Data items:
________________________________________

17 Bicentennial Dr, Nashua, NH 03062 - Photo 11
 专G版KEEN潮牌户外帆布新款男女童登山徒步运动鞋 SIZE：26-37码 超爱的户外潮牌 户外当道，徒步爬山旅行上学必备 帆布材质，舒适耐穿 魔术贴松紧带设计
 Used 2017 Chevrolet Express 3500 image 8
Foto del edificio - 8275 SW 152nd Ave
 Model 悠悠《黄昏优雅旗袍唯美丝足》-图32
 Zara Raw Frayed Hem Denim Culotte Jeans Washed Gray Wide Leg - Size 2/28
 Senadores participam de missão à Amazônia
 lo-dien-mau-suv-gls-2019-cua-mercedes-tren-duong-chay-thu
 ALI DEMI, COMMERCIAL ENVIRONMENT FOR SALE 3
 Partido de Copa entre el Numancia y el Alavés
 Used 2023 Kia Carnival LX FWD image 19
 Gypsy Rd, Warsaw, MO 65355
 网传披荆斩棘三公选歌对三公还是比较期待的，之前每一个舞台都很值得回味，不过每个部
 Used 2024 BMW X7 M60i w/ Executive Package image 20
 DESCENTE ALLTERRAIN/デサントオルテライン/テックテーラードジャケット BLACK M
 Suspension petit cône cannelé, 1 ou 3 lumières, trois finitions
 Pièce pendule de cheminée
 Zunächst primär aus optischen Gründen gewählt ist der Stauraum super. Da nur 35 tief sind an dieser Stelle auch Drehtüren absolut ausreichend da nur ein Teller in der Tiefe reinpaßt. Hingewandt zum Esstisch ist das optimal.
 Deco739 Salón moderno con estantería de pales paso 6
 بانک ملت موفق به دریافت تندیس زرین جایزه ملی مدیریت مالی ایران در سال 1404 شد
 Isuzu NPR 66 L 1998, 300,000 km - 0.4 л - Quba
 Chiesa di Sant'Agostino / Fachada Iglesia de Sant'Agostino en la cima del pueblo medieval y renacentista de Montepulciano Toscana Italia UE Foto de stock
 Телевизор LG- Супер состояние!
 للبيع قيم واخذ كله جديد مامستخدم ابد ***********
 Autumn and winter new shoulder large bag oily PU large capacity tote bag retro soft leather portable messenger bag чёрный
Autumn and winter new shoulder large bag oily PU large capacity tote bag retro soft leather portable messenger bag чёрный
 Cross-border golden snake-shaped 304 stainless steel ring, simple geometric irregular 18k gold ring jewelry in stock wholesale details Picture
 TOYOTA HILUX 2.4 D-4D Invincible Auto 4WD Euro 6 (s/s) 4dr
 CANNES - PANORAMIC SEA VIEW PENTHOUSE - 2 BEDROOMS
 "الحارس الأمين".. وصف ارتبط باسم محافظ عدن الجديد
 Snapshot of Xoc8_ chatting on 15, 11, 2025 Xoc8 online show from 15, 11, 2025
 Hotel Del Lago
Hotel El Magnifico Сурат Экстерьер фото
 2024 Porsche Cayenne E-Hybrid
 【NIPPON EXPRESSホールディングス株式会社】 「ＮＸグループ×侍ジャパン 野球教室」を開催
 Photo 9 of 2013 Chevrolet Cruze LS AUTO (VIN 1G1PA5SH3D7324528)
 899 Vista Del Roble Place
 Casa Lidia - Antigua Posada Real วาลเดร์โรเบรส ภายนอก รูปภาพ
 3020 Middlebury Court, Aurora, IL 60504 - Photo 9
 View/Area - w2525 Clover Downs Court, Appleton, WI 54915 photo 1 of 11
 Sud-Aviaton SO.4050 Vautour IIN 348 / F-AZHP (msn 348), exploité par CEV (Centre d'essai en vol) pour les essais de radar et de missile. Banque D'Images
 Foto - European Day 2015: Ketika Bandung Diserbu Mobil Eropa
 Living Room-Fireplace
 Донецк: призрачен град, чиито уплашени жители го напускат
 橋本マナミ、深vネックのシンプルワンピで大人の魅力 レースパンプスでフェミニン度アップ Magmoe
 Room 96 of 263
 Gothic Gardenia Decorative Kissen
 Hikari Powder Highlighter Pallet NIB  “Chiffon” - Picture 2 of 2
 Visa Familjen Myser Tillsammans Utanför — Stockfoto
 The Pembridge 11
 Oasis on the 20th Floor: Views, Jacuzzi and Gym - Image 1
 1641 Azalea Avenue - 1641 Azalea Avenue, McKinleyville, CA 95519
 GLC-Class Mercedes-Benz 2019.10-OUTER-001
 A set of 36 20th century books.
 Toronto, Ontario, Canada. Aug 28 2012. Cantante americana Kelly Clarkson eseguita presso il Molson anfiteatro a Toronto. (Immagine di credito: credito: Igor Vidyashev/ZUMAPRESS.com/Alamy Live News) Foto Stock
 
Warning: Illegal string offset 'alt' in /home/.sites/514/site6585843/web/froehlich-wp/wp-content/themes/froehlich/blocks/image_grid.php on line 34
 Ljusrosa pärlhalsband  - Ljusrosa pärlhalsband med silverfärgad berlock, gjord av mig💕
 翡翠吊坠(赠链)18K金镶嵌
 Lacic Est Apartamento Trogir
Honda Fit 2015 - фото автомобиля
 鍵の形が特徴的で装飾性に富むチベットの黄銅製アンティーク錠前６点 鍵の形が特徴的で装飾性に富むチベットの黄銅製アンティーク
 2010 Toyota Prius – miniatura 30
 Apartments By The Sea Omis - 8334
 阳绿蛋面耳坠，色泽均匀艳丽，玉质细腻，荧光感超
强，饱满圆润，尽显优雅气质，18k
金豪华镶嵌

________________________________________

→ **WHAT IS NEEDED**
Please reproduce, exactly as they appear above, the lines from the line containing "Foto del edificio - 8275 SW 152nd Ave" up to and including the line containing "Partido de Copa".

→ **ANSWER SECTION**
Foto del edificio - 8275 SW 152nd Ave
 Model 悠悠《黄昏优雅旗袍唯美丝足》-图32
 Zara Raw Frayed Hem Denim Culotte Jeans Washed Gray Wide Leg - Size 2/28
 Senadores participam de missão à Amazônia
 lo-dien-mau-suv-gls-2019-cua-mercedes-tren-duong-chay-thu
 ALI DEMI, COMMERCIAL ENVIRONMENT FOR SALE 3
 Partido de Copa entre el Numancia y el Alavés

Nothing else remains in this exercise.